気配もなく私たちの後ろに出現した女。誰かはわからないけれど、ただものじゃないことはわかる。この場にいるすべての人が、硬直して動けなかった。


「時の魔王だな」


朔と融合したニュクスが、口を開いた。この女が、魔王――? そういえば、咲夜も魔王が女かもしれないと言っていた。

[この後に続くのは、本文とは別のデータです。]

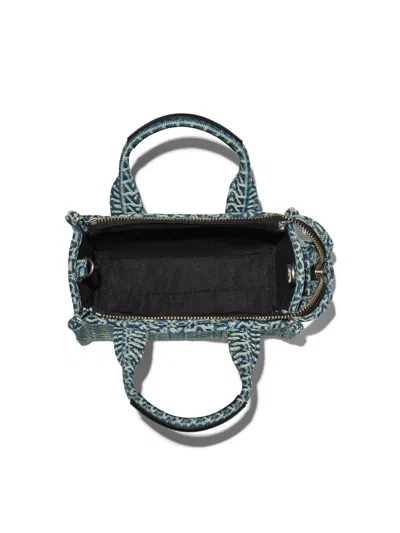 Marc Jacobs The Monogram Denim Mini Tote Bag In Pattern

「ええ、そうよ。でもすぐに忘れてしまうわ。あの二人の英雄のようにね」


「私は忘れない――今の私なら、お前の《力》に抗える」


「どうかしら、それにしても――」


 魔王がアイス・プリンセスに目くばせする。


「英雄に殺されたと思っていたけれど――裏切り者になってまで生きながらえたのかしら?」


「私は、この次元の人間ではありません」


「なるほどね。まったく、どこにいても英雄ってのはおせっかいなものね……」


 ふう、とわざとらしくため息をつく魔王。私たちには、状況が呑み込めない。


「答えろ。なぜお前は《影》を封印しようとする。お前の最終目的は、なんだ」


ニュクスが、一歩詰め寄った。その禍々しい気迫に、味方ながら気圧されるというのに、魔王は意に介さない。


「最終目的? フフフ……強いて言うなら」


 それは一瞬だった。魔王の右手から、激流の気功波が放たれた。ニュクスの身体に直撃し、あとには倒れこんだニュクスと直線状にえぐられた地面だけが残った。


「ニュクス!」


 「世界を――創りなおすことかしら」



**


 「本当に英雄なんだろうか?」


なつみ先輩は、私の言葉を繰り返した。私がこういう風に、自分の感情を吐露(とろ)するのは初めてかもしれなかった。それがなつみ先輩で、よかった。


「それって、どういうこと」


「私は――かつての英雄と違って、すごく――弱いの」


「そんなことない、咲夜ちゃんはずっと強いだろ」


「あ……そういうことじゃなくて、うーん、なんて言うんだろう」


言葉を探した。だけど、うまく見つからない。このままずっと、ウダウダしていたかった。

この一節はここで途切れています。